- TASK TO CARRY OUT: Everything from the line containing "Slide: The Image" to the last line of the material below must be retyped exactly, both ends included; skip the pictures.

- EXERCISE DATA:
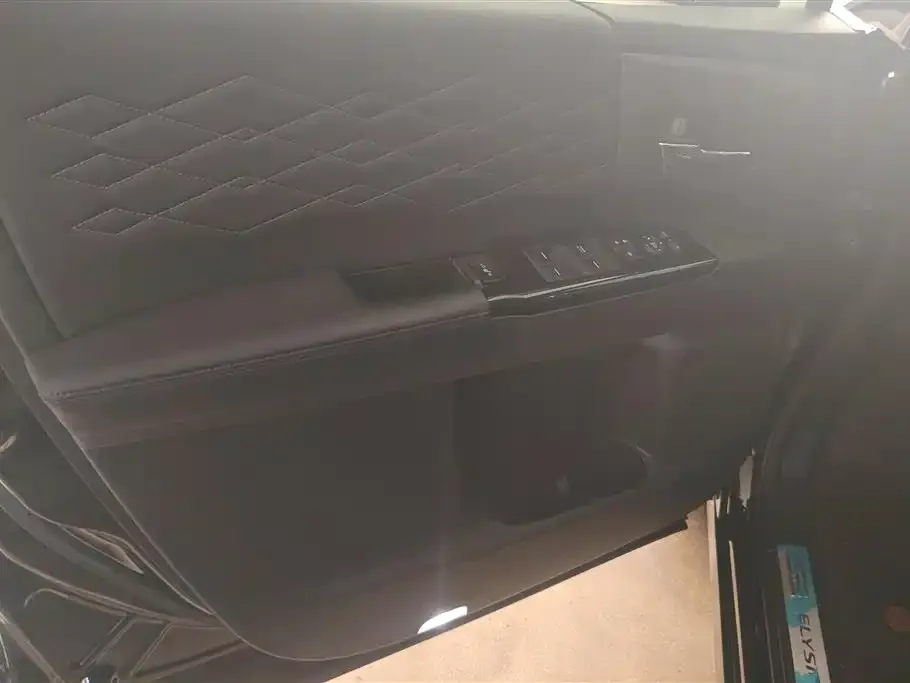 Honda Elysion 2023 из CN, фото 8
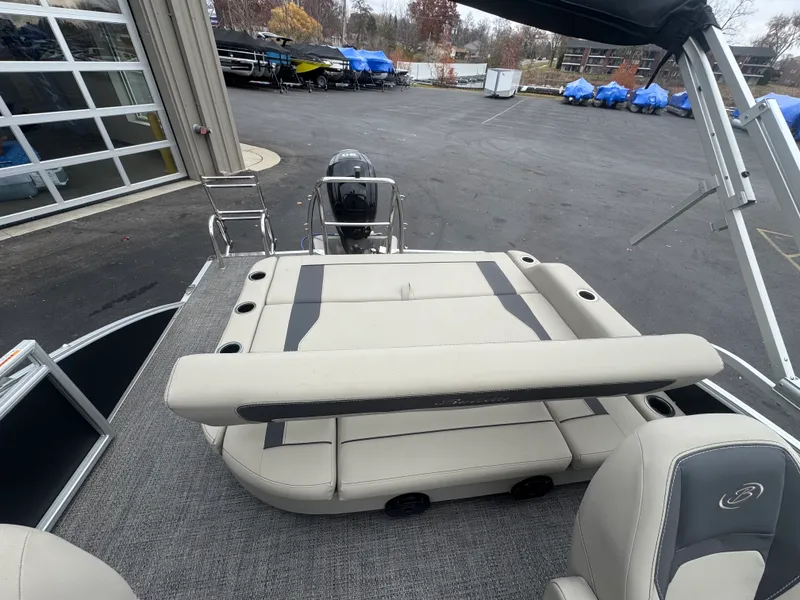 Slide: The Image of Barletta ARIA 20UC 2024 - 10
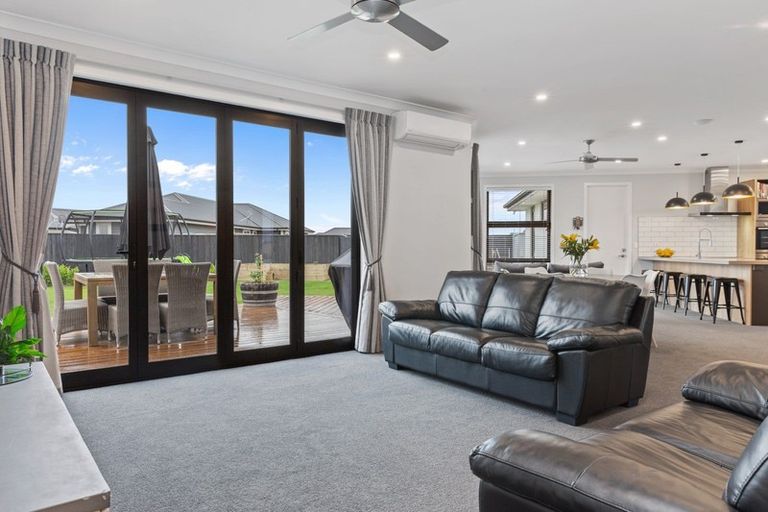 Photo of property in 83 Tiritiri Moana Drive, Pegasus, 7612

- FINAL ANSWER:
 Slide: The Image of Barletta ARIA 20UC 2024 - 10
 Photo of property in 83 Tiritiri Moana Drive, Pegasus, 7612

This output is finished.